■ **TASK ITEM**: Below is a listing. Quote from it, exactly, the lines from the one containing "Simpleks (Dansig) usuli 1" down to the one containing "Damen Gestreifter Strick-Henleypullover", both ends included, and nothing else.

■ **SUPPLIED INFORMATION**:
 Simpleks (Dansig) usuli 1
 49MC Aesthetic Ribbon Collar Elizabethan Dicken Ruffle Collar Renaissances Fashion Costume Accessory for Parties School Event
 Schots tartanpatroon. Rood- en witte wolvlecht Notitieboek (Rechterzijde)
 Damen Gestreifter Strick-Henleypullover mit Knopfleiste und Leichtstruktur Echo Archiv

* * *

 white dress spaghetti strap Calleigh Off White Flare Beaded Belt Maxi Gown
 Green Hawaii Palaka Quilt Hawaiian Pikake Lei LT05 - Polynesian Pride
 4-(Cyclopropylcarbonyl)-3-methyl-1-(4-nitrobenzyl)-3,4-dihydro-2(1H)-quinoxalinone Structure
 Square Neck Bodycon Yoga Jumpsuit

■ **REPLY**:
 Simpleks (Dansig) usuli 1
 49MC Aesthetic Ribbon Collar Elizabethan Dicken Ruffle Collar Renaissances Fashion Costume Accessory for Parties School Event
 Schots tartanpatroon. Rood- en witte wolvlecht Notitieboek (Rechterzijde)
 Damen Gestreifter Strick-Henleypullover mit Knopfleiste und Leichtstruktur Echo Archiv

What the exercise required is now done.